_Required work_.
Give back an exact copy of the lines in the records below, from the line that has "Page 7 Chapter" through the line that has "M-Tech Design Body", and nothing besides.

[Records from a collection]
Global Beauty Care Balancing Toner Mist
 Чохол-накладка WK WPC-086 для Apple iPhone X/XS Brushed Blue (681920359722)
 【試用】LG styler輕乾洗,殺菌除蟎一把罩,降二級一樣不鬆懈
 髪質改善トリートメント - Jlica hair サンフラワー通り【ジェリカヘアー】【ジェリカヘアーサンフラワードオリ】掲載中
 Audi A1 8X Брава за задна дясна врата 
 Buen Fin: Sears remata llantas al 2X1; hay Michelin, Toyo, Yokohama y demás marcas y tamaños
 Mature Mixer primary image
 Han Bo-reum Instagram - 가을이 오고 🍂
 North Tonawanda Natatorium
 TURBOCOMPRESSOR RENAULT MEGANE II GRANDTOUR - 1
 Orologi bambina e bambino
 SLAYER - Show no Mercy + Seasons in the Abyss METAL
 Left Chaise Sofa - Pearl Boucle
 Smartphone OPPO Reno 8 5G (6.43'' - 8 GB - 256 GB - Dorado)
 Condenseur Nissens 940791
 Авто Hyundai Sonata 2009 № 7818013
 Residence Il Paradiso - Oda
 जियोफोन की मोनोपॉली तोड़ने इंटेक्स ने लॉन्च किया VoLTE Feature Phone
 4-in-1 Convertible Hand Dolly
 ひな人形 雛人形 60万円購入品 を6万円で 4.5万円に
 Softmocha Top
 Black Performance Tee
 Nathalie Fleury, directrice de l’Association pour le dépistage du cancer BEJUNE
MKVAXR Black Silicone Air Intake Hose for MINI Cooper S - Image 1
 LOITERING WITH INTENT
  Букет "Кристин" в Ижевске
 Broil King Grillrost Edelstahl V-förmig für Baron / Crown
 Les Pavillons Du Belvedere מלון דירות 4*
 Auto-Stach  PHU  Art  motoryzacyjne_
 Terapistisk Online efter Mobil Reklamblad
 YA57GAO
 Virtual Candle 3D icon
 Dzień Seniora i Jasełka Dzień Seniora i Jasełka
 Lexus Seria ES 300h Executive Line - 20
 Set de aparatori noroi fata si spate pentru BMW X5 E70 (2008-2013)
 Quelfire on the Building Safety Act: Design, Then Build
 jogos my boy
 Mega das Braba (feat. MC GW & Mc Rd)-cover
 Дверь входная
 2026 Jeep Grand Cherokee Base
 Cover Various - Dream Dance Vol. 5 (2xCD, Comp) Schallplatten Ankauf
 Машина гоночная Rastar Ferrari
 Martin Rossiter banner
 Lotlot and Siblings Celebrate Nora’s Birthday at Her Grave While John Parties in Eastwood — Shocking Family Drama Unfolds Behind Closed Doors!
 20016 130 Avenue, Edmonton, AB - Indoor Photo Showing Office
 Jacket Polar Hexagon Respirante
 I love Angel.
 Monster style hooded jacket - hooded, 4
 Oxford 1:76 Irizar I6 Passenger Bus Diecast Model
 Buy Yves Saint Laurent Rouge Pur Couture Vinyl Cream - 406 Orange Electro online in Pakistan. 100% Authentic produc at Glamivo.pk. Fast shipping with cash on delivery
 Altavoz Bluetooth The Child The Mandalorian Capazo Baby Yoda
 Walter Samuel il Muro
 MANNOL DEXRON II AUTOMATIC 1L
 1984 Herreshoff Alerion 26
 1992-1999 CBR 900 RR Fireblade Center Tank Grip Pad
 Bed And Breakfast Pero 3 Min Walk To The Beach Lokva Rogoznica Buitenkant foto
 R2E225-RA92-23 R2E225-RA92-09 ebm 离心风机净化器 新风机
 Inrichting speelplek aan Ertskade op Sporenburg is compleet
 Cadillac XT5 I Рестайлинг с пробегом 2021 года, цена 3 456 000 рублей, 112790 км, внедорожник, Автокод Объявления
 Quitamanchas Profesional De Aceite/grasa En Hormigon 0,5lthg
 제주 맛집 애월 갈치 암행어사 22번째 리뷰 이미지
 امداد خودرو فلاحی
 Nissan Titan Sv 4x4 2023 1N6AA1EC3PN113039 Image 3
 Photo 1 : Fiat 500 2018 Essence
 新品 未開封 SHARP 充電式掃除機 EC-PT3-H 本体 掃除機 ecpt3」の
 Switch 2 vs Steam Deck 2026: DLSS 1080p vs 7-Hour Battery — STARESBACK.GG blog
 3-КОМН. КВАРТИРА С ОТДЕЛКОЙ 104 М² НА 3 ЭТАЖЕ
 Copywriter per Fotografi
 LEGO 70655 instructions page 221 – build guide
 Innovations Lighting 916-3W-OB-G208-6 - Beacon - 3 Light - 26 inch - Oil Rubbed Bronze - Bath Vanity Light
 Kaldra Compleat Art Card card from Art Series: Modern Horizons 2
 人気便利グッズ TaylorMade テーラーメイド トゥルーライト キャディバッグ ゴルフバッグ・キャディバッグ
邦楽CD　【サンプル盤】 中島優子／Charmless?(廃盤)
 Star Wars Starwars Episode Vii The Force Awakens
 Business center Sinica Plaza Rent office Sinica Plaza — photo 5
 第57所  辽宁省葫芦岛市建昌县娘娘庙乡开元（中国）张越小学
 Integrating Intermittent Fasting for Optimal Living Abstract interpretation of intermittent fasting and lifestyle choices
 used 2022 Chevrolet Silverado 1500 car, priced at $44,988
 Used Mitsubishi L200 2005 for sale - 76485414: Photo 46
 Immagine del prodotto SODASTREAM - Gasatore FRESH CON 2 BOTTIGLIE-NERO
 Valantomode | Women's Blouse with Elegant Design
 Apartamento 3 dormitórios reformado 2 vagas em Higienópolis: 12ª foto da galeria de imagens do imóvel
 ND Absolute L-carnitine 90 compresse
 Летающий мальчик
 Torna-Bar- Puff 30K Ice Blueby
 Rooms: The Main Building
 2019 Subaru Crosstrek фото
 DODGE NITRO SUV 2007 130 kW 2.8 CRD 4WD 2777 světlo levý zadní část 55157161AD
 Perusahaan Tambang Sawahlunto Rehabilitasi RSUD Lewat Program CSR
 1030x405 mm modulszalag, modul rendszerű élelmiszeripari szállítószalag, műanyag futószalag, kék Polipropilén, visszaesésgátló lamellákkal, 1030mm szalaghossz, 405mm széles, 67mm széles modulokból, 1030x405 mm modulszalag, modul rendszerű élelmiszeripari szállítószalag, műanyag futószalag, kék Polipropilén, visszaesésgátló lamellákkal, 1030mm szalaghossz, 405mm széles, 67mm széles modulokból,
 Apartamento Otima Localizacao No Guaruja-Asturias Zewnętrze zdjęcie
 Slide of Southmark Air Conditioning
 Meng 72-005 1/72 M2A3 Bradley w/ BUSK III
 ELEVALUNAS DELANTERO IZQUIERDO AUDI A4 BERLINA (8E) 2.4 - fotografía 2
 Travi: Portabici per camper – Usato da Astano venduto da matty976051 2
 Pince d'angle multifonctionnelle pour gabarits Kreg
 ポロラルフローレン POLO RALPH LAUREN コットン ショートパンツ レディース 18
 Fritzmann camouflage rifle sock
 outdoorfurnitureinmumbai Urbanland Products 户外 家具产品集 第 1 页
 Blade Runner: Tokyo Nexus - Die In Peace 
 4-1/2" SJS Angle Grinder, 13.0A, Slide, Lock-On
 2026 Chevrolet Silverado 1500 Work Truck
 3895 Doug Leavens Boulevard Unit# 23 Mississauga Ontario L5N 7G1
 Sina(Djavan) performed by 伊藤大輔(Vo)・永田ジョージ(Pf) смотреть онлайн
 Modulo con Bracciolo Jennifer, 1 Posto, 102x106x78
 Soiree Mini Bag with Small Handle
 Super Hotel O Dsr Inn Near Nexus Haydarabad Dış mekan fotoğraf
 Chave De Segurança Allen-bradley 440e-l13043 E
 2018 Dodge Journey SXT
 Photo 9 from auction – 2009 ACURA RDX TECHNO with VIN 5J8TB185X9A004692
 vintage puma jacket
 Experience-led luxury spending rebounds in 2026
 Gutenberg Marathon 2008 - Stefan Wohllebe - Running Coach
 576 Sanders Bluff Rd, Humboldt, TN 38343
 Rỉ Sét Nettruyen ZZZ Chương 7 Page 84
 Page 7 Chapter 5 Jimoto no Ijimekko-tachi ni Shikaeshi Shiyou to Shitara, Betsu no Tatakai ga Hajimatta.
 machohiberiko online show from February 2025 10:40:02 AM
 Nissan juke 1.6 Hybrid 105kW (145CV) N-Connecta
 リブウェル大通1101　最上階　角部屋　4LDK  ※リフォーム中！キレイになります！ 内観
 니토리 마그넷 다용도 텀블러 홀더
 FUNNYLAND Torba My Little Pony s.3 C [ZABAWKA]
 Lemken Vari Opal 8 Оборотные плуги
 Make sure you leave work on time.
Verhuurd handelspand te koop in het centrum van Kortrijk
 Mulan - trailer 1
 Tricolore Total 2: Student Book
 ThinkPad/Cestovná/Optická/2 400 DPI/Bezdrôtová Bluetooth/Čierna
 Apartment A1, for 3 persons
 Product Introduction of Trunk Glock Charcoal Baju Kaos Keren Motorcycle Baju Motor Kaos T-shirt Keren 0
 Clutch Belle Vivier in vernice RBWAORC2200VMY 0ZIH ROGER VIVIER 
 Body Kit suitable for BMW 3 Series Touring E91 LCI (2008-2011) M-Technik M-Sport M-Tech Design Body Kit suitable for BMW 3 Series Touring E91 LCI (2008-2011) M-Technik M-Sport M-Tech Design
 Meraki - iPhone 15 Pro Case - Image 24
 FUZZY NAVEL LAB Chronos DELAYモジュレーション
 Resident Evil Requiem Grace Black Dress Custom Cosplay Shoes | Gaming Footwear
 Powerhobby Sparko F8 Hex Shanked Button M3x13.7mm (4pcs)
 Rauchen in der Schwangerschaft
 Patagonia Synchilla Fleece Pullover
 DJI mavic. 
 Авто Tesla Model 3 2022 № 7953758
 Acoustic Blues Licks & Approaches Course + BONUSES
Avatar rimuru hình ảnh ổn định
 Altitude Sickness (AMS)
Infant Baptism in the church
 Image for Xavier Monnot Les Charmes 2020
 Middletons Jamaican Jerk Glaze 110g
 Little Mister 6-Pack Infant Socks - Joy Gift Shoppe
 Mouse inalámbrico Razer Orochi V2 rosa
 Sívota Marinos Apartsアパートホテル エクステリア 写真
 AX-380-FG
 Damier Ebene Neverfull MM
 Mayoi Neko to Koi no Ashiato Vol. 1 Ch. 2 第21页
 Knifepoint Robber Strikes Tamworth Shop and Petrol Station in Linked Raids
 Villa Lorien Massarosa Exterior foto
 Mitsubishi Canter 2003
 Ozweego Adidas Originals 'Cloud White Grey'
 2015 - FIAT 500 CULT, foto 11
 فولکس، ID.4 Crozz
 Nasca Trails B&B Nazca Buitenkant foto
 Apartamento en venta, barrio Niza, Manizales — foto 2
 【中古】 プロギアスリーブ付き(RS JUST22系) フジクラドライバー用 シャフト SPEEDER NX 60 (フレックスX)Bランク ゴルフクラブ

_Output of the exercise_.
 Page 7 Chapter 5 Jimoto no Ijimekko-tachi ni Shikaeshi Shiyou to Shitara, Betsu no Tatakai ga Hajimatta.
 machohiberiko online show from February 2025 10:40:02 AM
 Nissan juke 1.6 Hybrid 105kW (145CV) N-Connecta
 リブウェル大通1101　最上階　角部屋　4LDK  ※リフォーム中！キレイになります！ 内観
 니토리 마그넷 다용도 텀블러 홀더
 FUNNYLAND Torba My Little Pony s.3 C [ZABAWKA]
 Lemken Vari Opal 8 Оборотные плуги
 Make sure you leave work on time.
Verhuurd handelspand te koop in het centrum van Kortrijk
 Mulan - trailer 1
 Tricolore Total 2: Student Book
 ThinkPad/Cestovná/Optická/2 400 DPI/Bezdrôtová Bluetooth/Čierna
 Apartment A1, for 3 persons
 Product Introduction of Trunk Glock Charcoal Baju Kaos Keren Motorcycle Baju Motor Kaos T-shirt Keren 0
 Clutch Belle Vivier in vernice RBWAORC2200VMY 0ZIH ROGER VIVIER 
 Body Kit suitable for BMW 3 Series Touring E91 LCI (2008-2011) M-Technik M-Sport M-Tech Design Body Kit suitable for BMW 3 Series Touring E91 LCI (2008-2011) M-Technik M-Sport M-Tech Design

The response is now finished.